Dois outros artifícios da forma do conto puxam ao tempo: em ambos os atos, o que ocorre se situa em dias da semana explicitados (cronologia); e tudo acontece no tempo (psicológico) lento e seco de Piracá, uma “Cidadezinha qualquer”, como diria Drummond:

“Casas entre bananeiras

mulheres entre laranjeiras

pomar amor cantar.

Um homem vai devagar.

Um cachorro vai devagar.

Um burro vai devagar.

Devagar… as janelas olham.”

Águas paradas, até que, um dia, chega um circo, na Piracá de Maria e sua mãe, Lazinha, para chacoalhar os dias, noites e corações. O Circo Arlay traz com ele José. O belo e atlético trapezista, que desperta em Maria a paixão amorosa e, junto, o fascínio pelo espetáculo, capaz de alimentar-lhe os sonhos, de que seu mundo é carente. Essa paixão, claro, tem início com olhares que repentinamente se cruzam, ela na plateia, ele recém-terminado seu bem-sucedido salto – o tempo instantâneo da paixão. Seguem-se os encontros entre ambos e, como seria de se esperar, a dolorosa despedida quando o circo se vai – há tempo para tudo sob o céu de Piracá: tempo para encontro e tempo para desencontro.

O tempo leva Maria para os braços de Roberto, substituto imediato de José; ela encontrará também o teatro, que passou a ocupar o lugar do circo que não lhe foi permitido acompanhar.

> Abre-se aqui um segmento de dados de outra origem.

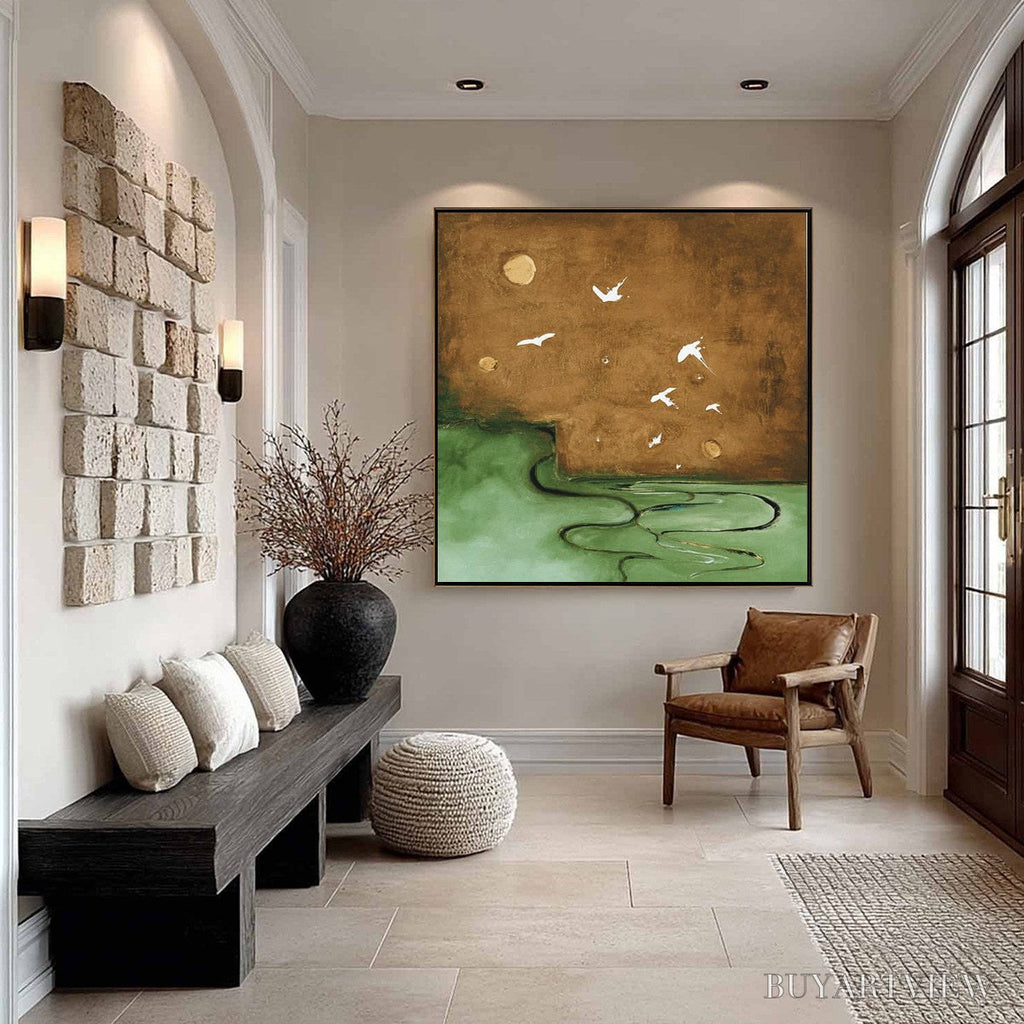ARTOVITAS Sojourn – Earthy Wabi Sabi Abstract Landscape Painting - image 4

Quando o circo retorna (sob o céu de Piracá há tempo também para o retorno, depois do tempo para a partida), aproximadamente dois anos depois, José quer ver Maria e, sobretudo, ser visto por ela na sua melhor forma. Mas no dia de sua performance, ela tem ensaio da peça que seu grupo está preparando. Apesar disso, ela vai à estreia do circo, equilibrando-se naquela meia hora que fica vaga entre a sessão circense e o ensaio teatral. O que acontece, então, é narrado brilhantemente por Newman, em curtos trechos que desnudam a intensidade da dor advinda da falta de sintonia quando ela acontece num salto triplo de trapézio e quando ela atinge dois corações que viveram em comum um sentimento intenso, marcado para sempre em suas almas.

O maior requinte do conto, no que diz respeito aos mistérios do tempo, porém, corre por conta de como o contista apresenta corpo e mente do trapezista no ato de enfrentar, primeiro, o desafio do salto e, segundo, o desafio de se equilibrar-se entre o pornográfico e o apenas erótico diante de uma mulher que percebe realmente amar; há, ainda, o esforço do artista circense para concatenar o homem e o artista que é, diante da visão que dele tem a amada, “fisgada” por essas duas dimensões dele, possivelmente carentes de encanto se separadas.

Se o tempo é um mistério e o amor também (assim como a paixão), talvez colocá-los juntos no mesmo palco, ou no mesmo picadeiro, para contemplá-los lúdica e atentamente, seja uma maneira interessante de encontrar rasgos comuns no véu que a ambos encobre. Talvez seja esta a suspeita norteadora da escrita contística e do jeito de falar da vida de Newman Ribeiro Simões.


Valdemir Pires é economista e escritor.